### EXERCISE GOAL
Copy verbatim the block of lines in the entries below whose first line contains "Silhouette Professional Golfer" and whose last line contains "Four stacked glass". Leave out all other lines.

### AVAILABLE DATA
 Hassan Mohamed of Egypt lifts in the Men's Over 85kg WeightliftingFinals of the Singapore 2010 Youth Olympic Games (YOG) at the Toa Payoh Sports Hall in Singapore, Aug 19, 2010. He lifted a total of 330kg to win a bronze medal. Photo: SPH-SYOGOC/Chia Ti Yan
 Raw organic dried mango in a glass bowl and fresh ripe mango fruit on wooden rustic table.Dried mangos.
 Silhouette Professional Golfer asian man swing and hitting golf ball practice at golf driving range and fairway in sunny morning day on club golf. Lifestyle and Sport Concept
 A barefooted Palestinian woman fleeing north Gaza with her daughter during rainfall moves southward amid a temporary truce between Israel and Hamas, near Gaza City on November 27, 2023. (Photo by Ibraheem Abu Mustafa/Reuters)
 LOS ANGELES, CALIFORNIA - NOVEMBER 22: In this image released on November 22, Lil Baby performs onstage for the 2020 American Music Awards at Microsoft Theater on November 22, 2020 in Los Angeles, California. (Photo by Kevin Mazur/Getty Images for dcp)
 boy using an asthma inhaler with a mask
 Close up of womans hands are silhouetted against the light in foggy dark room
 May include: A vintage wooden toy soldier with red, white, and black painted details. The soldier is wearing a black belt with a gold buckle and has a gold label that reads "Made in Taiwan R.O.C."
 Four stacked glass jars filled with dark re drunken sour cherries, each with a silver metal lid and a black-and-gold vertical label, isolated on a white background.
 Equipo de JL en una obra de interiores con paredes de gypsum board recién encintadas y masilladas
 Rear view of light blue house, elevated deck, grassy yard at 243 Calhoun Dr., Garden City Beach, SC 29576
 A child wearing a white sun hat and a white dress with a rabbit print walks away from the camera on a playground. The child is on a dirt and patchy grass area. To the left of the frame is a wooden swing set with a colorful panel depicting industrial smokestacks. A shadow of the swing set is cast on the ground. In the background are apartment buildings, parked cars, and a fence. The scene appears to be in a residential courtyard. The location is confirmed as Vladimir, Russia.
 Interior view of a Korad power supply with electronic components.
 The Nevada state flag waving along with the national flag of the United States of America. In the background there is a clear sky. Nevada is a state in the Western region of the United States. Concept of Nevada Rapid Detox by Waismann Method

### WRITTEN SOLUTION
 Silhouette Professional Golfer asian man swing and hitting golf ball practice at golf driving range and fairway in sunny morning day on club golf. Lifestyle and Sport Concept
 A barefooted Palestinian woman fleeing north Gaza with her daughter during rainfall moves southward amid a temporary truce between Israel and Hamas, near Gaza City on November 27, 2023. (Photo by Ibraheem Abu Mustafa/Reuters)
 LOS ANGELES, CALIFORNIA - NOVEMBER 22: In this image released on November 22, Lil Baby performs onstage for the 2020 American Music Awards at Microsoft Theater on November 22, 2020 in Los Angeles, California. (Photo by Kevin Mazur/Getty Images for dcp)
 boy using an asthma inhaler with a mask
 Close up of womans hands are silhouetted against the light in foggy dark room
 May include: A vintage wooden toy soldier with red, white, and black painted details. The soldier is wearing a black belt with a gold buckle and has a gold label that reads "Made in Taiwan R.O.C."
 Four stacked glass jars filled with dark re drunken sour cherries, each with a silver metal lid and a black-and-gold vertical label, isolated on a white background.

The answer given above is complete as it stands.